Überlebt hat Chet Baker aber nicht nur mit seinen eigenen Aufnahmen, sondern im Spiel und Tonfall einer Vielzahl von Nachfolgern, die gegenwärtig die Bühnen dominieren. Die besten unter ihnen kopieren nicht (in einer Art falsch verstandenem Nazarenertum) seinen Ecce-Homo-Habitus, sie orientieren sich freier an Chets gleichzeitig warmer und cooler, immer melodischer Phrasierung und Intonation. Am Sound der Intimität.
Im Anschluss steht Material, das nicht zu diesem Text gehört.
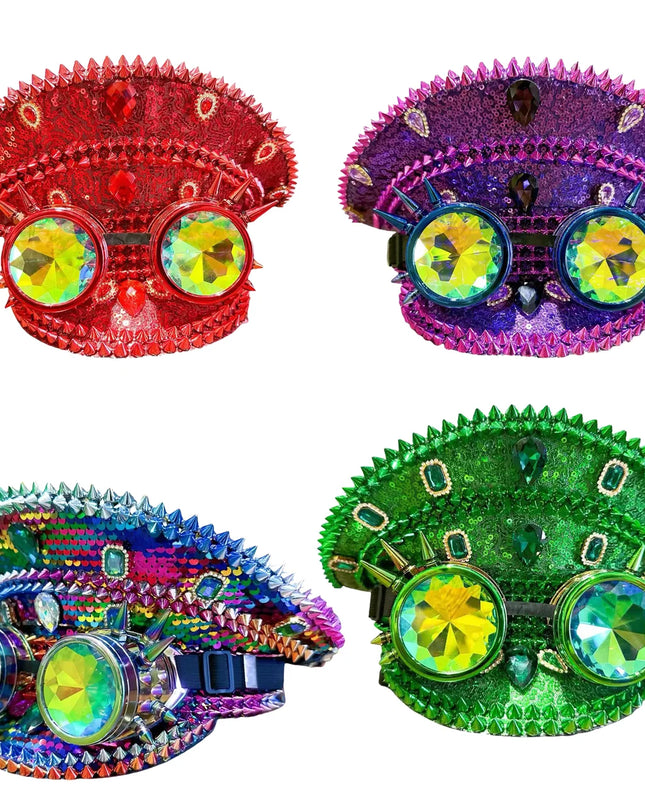 Burning Man Steampunk Captain hat badge glasses sparkle gemstone rhinestone sequined cap,bachelorette party favors halloween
Drei davon sind Deutsche. Der Hamburger Nils Wülker hat eine eigene Art von Jazz-Pop im Songformat entwickelt, für Chet-Veteranen der strengen Observanz gewöhnungsbedürftig, aber auf seine Weise als ein großer Melodiker, bei dessen temperierten Weichzeichnungen die Grenze zwischen Erotik und Softporno zuweilen etwas verschwimmt. Till Brönner ist der unangefochtene Star der Szene. Er setzt den Baker-Sound mit Brillanz ins Breitleinwandformat um, Intimität in Großaufnahme, perfekt bis an die Grenze zum Manieristischen (und zuweilen etwas über diese hinaus). Der glamouröseste unter den deutschen Trompetern hat sich jetzt in jenen warmen brasilianischen Exotismus vorgewagt, für den auch der Melomane Baker eine große Vorliebe hatte: den Bossa Nova. Rio ist eine sehr schöne Liebeserklärung an die eleganteste, längst zeitlos gewordene Populärmusik des letzten Jahrhunderts. Viel Prominenz (Annie Lennox, Milton Nascimento, Luciana Souza, Kurt Elling, Sergio Mendez und andere) und im Zentrum Brönner, der den Ton vorgibt. Die erstaunlichste Chet-Baker-Hommage ist jedoch inzwischen gut zwei Jahre alt und kommt von einem Trompeter, der seinerseits Till Brönner zu seinen Vorbildern zählt. Julian Wasserfuhr war, als er 2006 mit seinem Bruder Roman am Piano Remember Chet veröffentlichte, ganze 17 Jahre alt. Mit entsprechender Unbekümmertheit befasst er sich mit Bakers Musik und vermeidet alle peinlichen Rückgriffe auf den Mythos: Nicht Überbau, nicht Underground, die Musik selbst ist das Zentrum. Verblüffend ungewöhnlich, wie selbstverständlich der Youngster in den Standards wie in den Eigenkompositionen den Zugang zu den inneren Heiligtümern von Bakers Intimkunst findet; mit welcher Klarheit, Folgerichtigkeit, Geduld und Gelassenheit ihm ohne Koketterie das Einfache gelingt, ohne dass er sich dabei je dem Verdacht von Altklugheit aussetzte. Chet lives. Jazz lives.